What this task involves: Output the data below exactly, images excluded.

Input data:
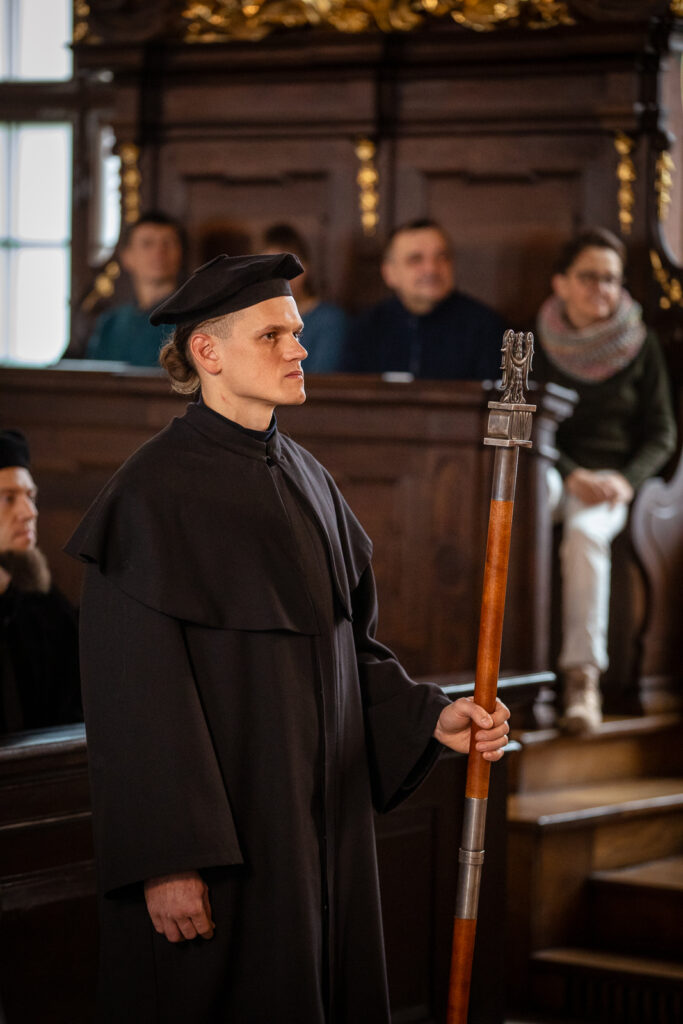 Zdjęcie z uroczystości wydziałowej.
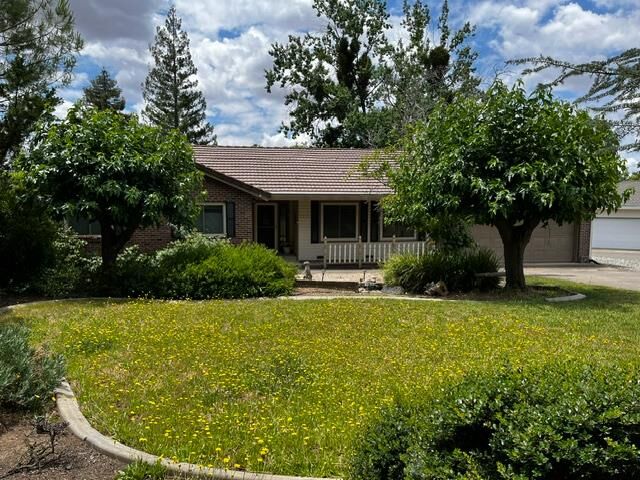 Property Photo:  2352 Toyon Court  CA 95252 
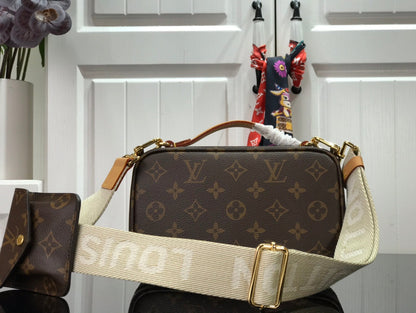 LU Bag Business Messenger Shoulder 24 cm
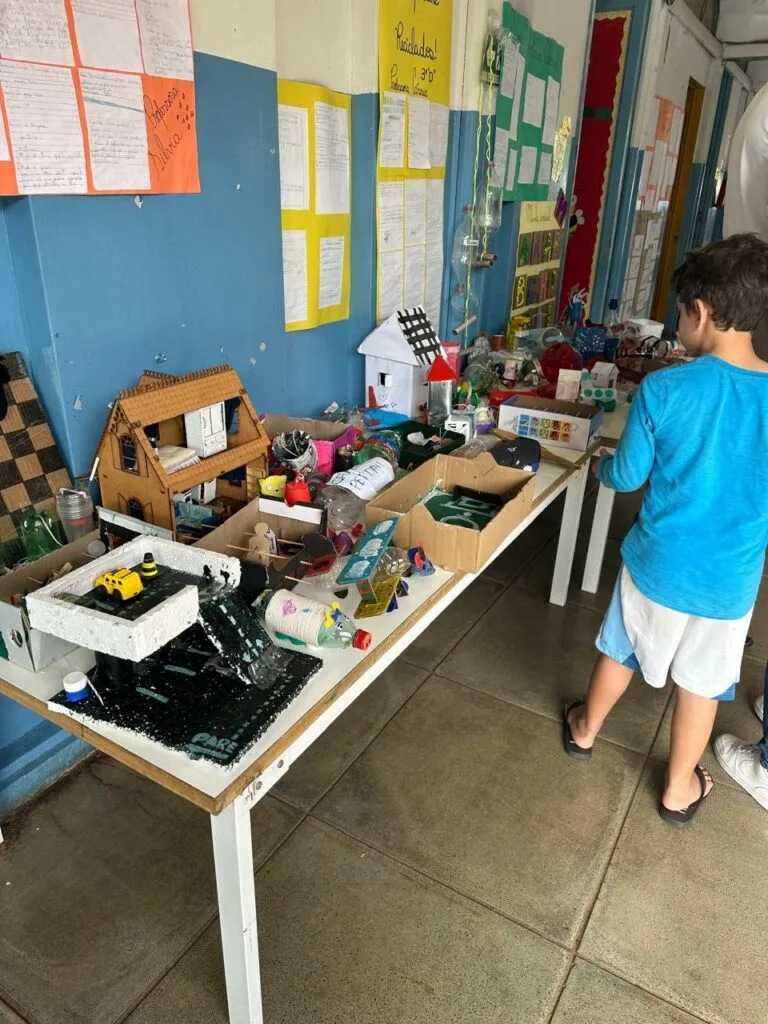 Escola vencedora do Ecoescolas reaproveita sucatas na produção de brinquedos, jogos educativos e artesanatos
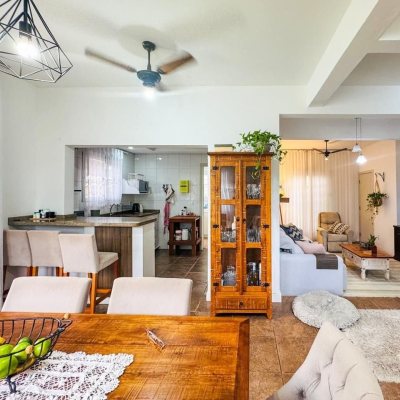 Casa Residencial com 239m², 5 quartos (sendo 1 suíte), 2 garagens, no bairro Carianos em Florianópolis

Your response:
 Zdjęcie z uroczystości wydziałowej.
 Property Photo:  2352 Toyon Court  CA 95252 
 LU Bag Business Messenger Shoulder 24 cm
 Escola vencedora do Ecoescolas reaproveita sucatas na produção de brinquedos, jogos educativos e artesanatos
 Casa Residencial com 239m², 5 quartos (sendo 1 suíte), 2 garagens, no bairro Carianos em Florianópolis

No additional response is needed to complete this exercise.